The people of the Arctic filed a landmark human rights complaint against the United States, blaming the world's No. 1 carbon polluter for stoking the global warming that is destroying their habitat.

The Inuit Circumpolar Conference (ICC), representing native people in the vast, sparsely-populated region girdling the Earth's far north, said they had petitioned an inter-American panel to seek relief for Canadian and US Inuit.

"For Inuit, warming is likely to disrupt or even destroy their hunting and food-sharing culture as reduced sea ice causes the animals on which they depend to decline, become less accessible, and possibly become extinct," said Robert Corell, who spearheaded an Arctic climate impact assessment.

More than 150,000 Inuit, formerly called eskimos, are spread throughout the vast frozen northern territories of Alaska, Canada, Greenland, Scandinavia and Russia.

These regions have experienced the most rapid and severe climate change on earth, according to Corell's assessment, which was prepared over four years by more than 300 scientists from 15 countries and six indigenous organizations.

Global warming has caused the northern ice cover to retreat, making it more dangerous for the Inuit to hunt food animals such as polar bears, seals and caribou, their investigation found.

These animals also face decline or extinction, unable to adapt to warmer temperatures as their own access to food sources, breeding grounds and migration routes are altered.

And, rising sea levels and flooding threaten coastal Inuit communities.

"Inuit are an ancient people. Our way of life is dependent on the natural environment and animals. Climate change is destroying our environment and eroding our culture," said Sheila Watt-Cloutier, the ICC chair.

"But we refuse to disappear. We will not become a footnote to globalization."

The petition urges the Washington-based Inter-American Commission on Human Rights to declare the United States to be in violation of the 1948 American Declaration of the Rights and Duties of Man.

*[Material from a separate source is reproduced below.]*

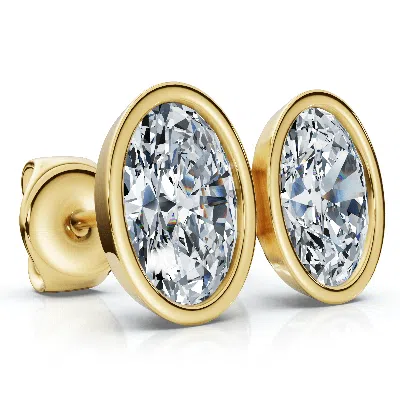 Pompeii3 Oval Cut Diamond Bezel Studs 14k Gold Lab Grown Size: Medium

It also wants the Commission to recommend that the United States adopt mandatory limits of its greenhouse-gas emission and join international efforts to curb global warming.

And it wants the Commission to declare the United States should help the Inuit adapt to unavoidable impacts of climate change.

If the Commission rules in favour, the impact will be more political than legal, the ICC acknowledged.

The panel, part of the Organisation of American States (OAS), is empowered to investigate and comment on human rights abuses, but has no power of enforcement.

Rising emissions of carbon dioxide (CO2) and other greenhouse gases primarily caused by burning fossil fuels are expected to warm the Arctic about 4-7 C (7.2-12.6 F), about twice the global average rise, over the next century, the ICC report concluded.

These dramatic climate changes "violate the Inuit's right to practice and enjoy the benefits of their culture."

Canadian Prime Minister Paul Martin added to this gloomy tableau.

"High in the Arctic, in our interior and along our coasts, the country we know is being transformed," he said.

"Winters are growing milder, summers hotter and more severe, there is plant life where before there was none; there is water where before there was ice. Our permafrost is thawing -- and releasing methane gas into the atmosphere, accelerating climate change itself."

"Within short decades, the Northwest Passage, the famously un-navigable thoroughfare of history, may be passable -- a striking and unsettling example of our delicate balance succumbing to untenable strain," Martin added.

The United States, with only five percent of the world's population, emits some 25 percent of all harmful greenhouse gases.

Washington signed the 1992 Rio Convention on climate change and the Kyoto Protocol, but refused to ratify the latter.

The Inuit petition came as more than 100 ministers gathered Wednesday for the main part of a UN climate change conference in Montreal that has been going on since November 28 and is to end Friday.